=== Supplied data ===

[Start of section]

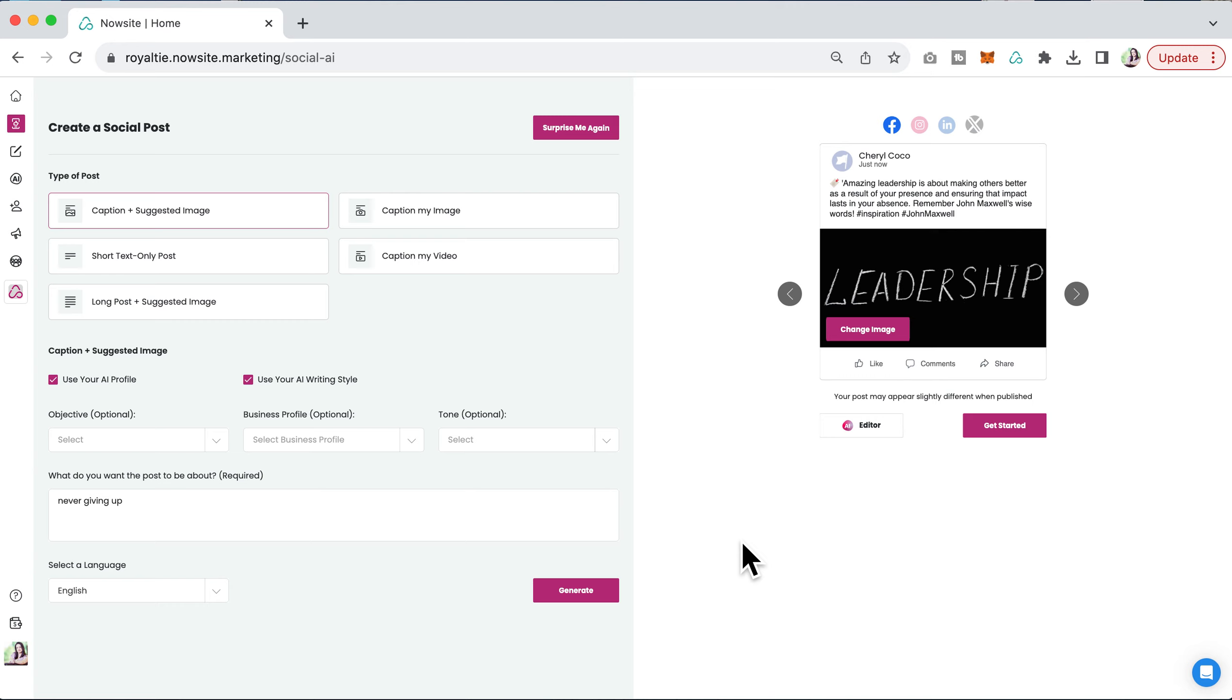In this video, I want to share with you how you can change a suggested image given to you from a social post through MyAI.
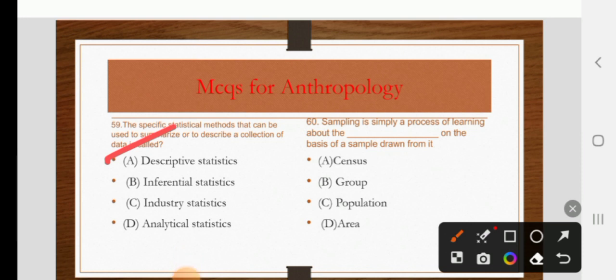Sampling is simply a process of learning about the blank on the basis of a sample drawn from it. Options are census, group, population, or area. The right answer is C: population.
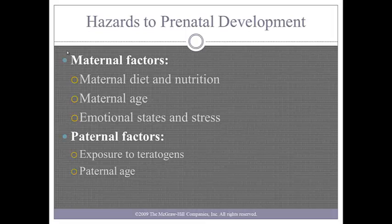Let's not forget the paternal factors as well. The male's exposure to chemicals and smoke can be a hazard to the developing fetus. Also, paternal age is a factor. This concludes what we will be covering in our PowerPoint mini lesson. I look forward to reading your discussion forum posts as you explore hazards to prenatal development more in-depth this week.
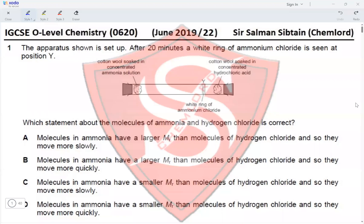This is IGCSE O-level Chemistry Paper 22, June 2019, Question 1. The apparatus shown is set up. After 20 minutes, a white ring of ammonium chloride is seen at position Y. We have one end with cotton wool soaked in concentrated ammonia solution and the other soaked in concentrated hydrochloric acid. The white ring at position Y is closer to HCl than it is to ammonia.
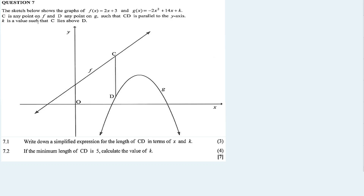K is a value such that C lies above D. Now question 7.1: write down a simplified expression for the length of CD in terms of X and K. It's the full length CD, some expression in terms of X and K.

[End of section]

=== To do ===
Without the pictures, reproduce the entries exactly.

=== Result of the task ===
In this video, I want to share with you how you can change a suggested image given to you from a social post through MyAI.
Sampling is simply a process of learning about the blank on the basis of a sample drawn from it. Options are census, group, population, or area. The right answer is C: population.
Let's not forget the paternal factors as well. The male's exposure to chemicals and smoke can be a hazard to the developing fetus. Also, paternal age is a factor. This concludes what we will be covering in our PowerPoint mini lesson. I look forward to reading your discussion forum posts as you explore hazards to prenatal development more in-depth this week.
This is IGCSE O-level Chemistry Paper 22, June 2019, Question 1. The apparatus shown is set up. After 20 minutes, a white ring of ammonium chloride is seen at position Y. We have one end with cotton wool soaked in concentrated ammonia solution and the other soaked in concentrated hydrochloric acid. The white ring at position Y is closer to HCl than it is to ammonia.
K is a value such that C lies above D. Now question 7.1: write down a simplified expression for the length of CD in terms of X and K. It's the full length CD, some expression in terms of X and K.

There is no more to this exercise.